• _PROVIDED INFORMATION_:
Segment Open
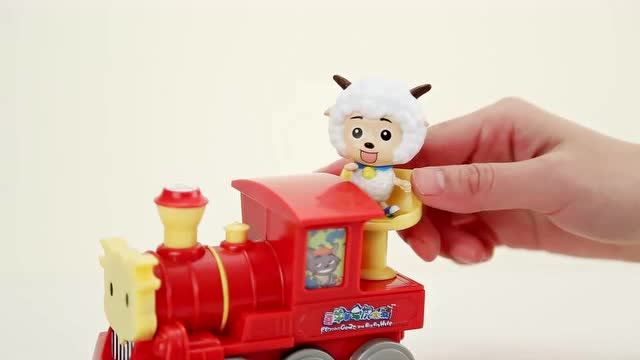 喜羊羊嘻哈小火车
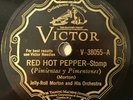 HEAR  JELLY ROLL MORTON AND HIS ORCH. VICTOR Red Hot Peppers/ Deep Creek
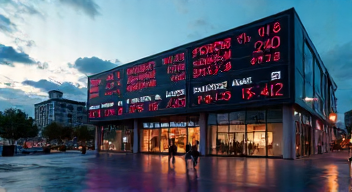 Börsenöffnungszeiten in Europa und Deutschland (4/10)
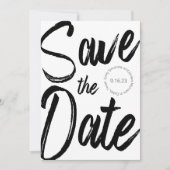 De moderne Zwarte Witte Foto van het Manuscript sp Kaart (Voorkant)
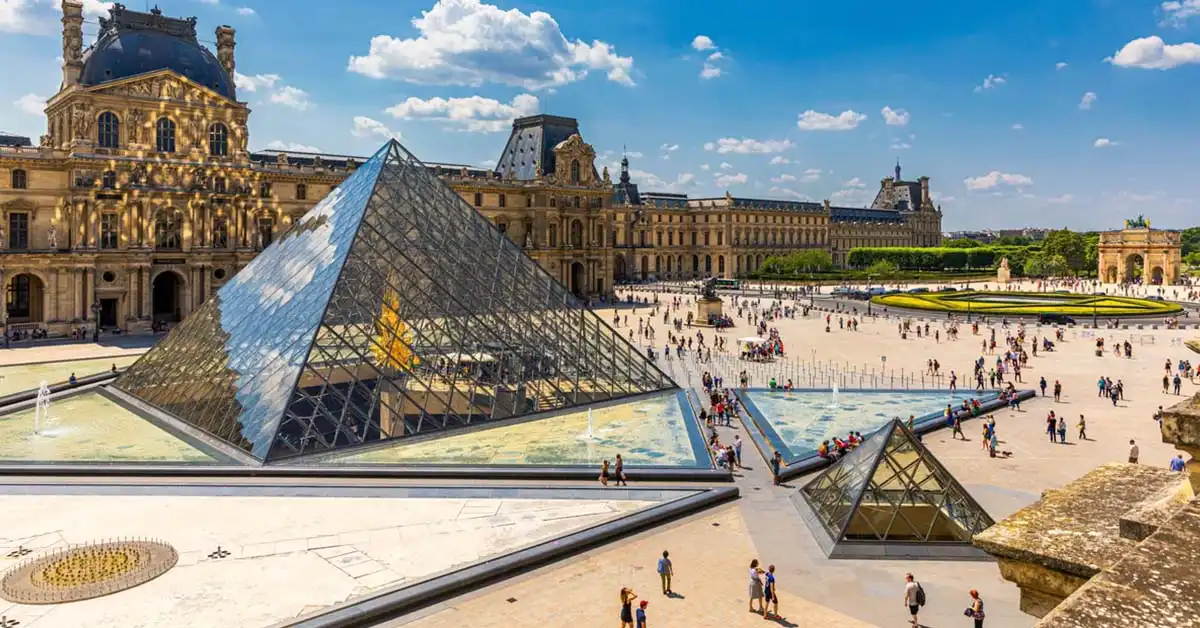 louvre muzesi fransa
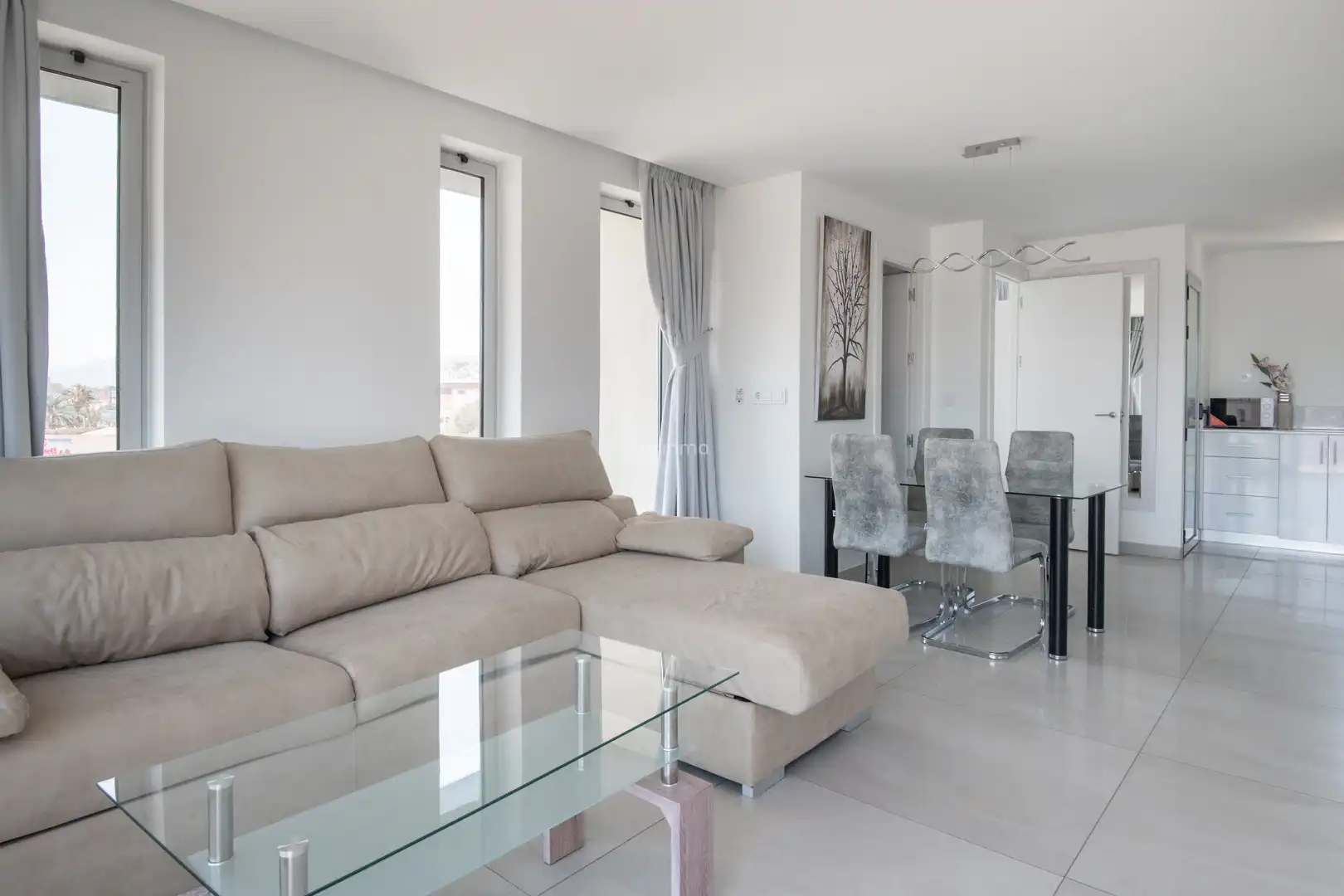 Piso con piscina en venta en Cala de Finestrat, imagen 4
Segment Closed
• _DIRECTIONS_: With the pictures left out, output exactly the lines from the one with "Börsenöffnungszeiten in Europa" through the end of the listing above, both ends included.

• _ANSWER SPACE_:
 Börsenöffnungszeiten in Europa und Deutschland (4/10)
 De moderne Zwarte Witte Foto van het Manuscript sp Kaart (Voorkant)
 louvre muzesi fransa
 Piso con piscina en venta en Cala de Finestrat, imagen 4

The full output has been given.